Customizable Data Indexing Pipelines
CocoIndex is the world's first open-source engine that supports both custom transformation logic and incremental updates specialized for data indexing. So, what is custom transformation logic?
Index-as-a-service (or RAG-as-service), tends to package a predesigned service and expose two endpoints to users - one to configure the source, and an API to read from the index. Many predefined pipelines for unstructured documents do this. The requirements are fairly simple: parse PDFs, perform some chunking and embedding, and dump into vector stores. This works well if your requirements are simple and primarily focused on document parsing.
We've talked to many developers across various verticals that require data indexing, and being able to customize logic is essential for high-quality data retrieval. For example:
- Basic choices for pipeline components
- which parser for different files?
- how to chunk files (documents with structure normally have different optimal chunking strategies)?
- which embedding model? which vector database?
- What should the pipeline do?
- Is it a simple text embedding"?
- Is it building a knowledge graph?
- Should it perform simple summarization for each source for retrieval without chunking?
- What additional work is needed to improve pipeline quality?
- Do we need deduplication?
- Do we need to look up different sources to enrich our data?
- Do we need to reconcile and align multiple documents?
Here we'll walk through some examples of the topology of index pipelines, and we can explore more in the future!
Basic embeddingโ
In this example, we do the following:
- Read from sources, for example, a list of PDFs
- For each source file, parse it to markdown with a PDF parser. There are lots of choices out there: Llama Parse, Unstructured IO, Gemini, DeepSeek, etc.
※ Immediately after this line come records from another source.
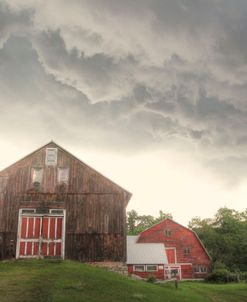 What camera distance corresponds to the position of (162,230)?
55594 mm

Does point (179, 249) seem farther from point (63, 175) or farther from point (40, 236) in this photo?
point (40, 236)

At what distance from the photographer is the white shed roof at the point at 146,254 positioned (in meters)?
44.3

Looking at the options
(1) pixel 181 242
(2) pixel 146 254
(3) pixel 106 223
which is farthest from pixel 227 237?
(3) pixel 106 223

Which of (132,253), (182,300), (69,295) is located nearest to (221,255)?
(132,253)

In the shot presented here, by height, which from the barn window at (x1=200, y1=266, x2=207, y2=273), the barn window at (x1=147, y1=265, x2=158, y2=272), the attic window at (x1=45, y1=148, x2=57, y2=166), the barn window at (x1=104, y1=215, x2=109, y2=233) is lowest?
the barn window at (x1=200, y1=266, x2=207, y2=273)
- Chunk all the markdown files. This is a way to break text into smaller chunks, or units, to help organize and process information. There are many options here: flat chunks, hierarchical chunks, secondary chunks, and many publications in this area. There are also special chunking strategies for different verticals - for code, tools like Tree-sitter can help parse and chunk based on syntax. Normally the best choice is tied to your document structure and requirements.
- Perform embedding for each chunk. There are lots of great choices: Voyage, models like OpenAI etc.
- Collect the embeddings in vector stores. The embedding is normally attached with metadata, for example, which file this embedding belongs to, etc. There are many great choices for vector stores: Chromadb, Milvus, Pinecone and many databases now support vector indexing, for example PostgreSQL (pgvector) and MongoDB.
A combination of TF-IDF and vector searchโ
Anthropic has published a great article about Contextual Retrieval that suggests the combination of vector-based search and TF-IDF.
The way to think about a data flow for the pipeline is:
In addition to prepare the vector embedding as basic embedding example above, after the source data parsing, we can do the following:
- For each document, extract keywords from it with its frequency.
- Across all documents, group by keywords and sum up their frequencies, putting into an internal storage.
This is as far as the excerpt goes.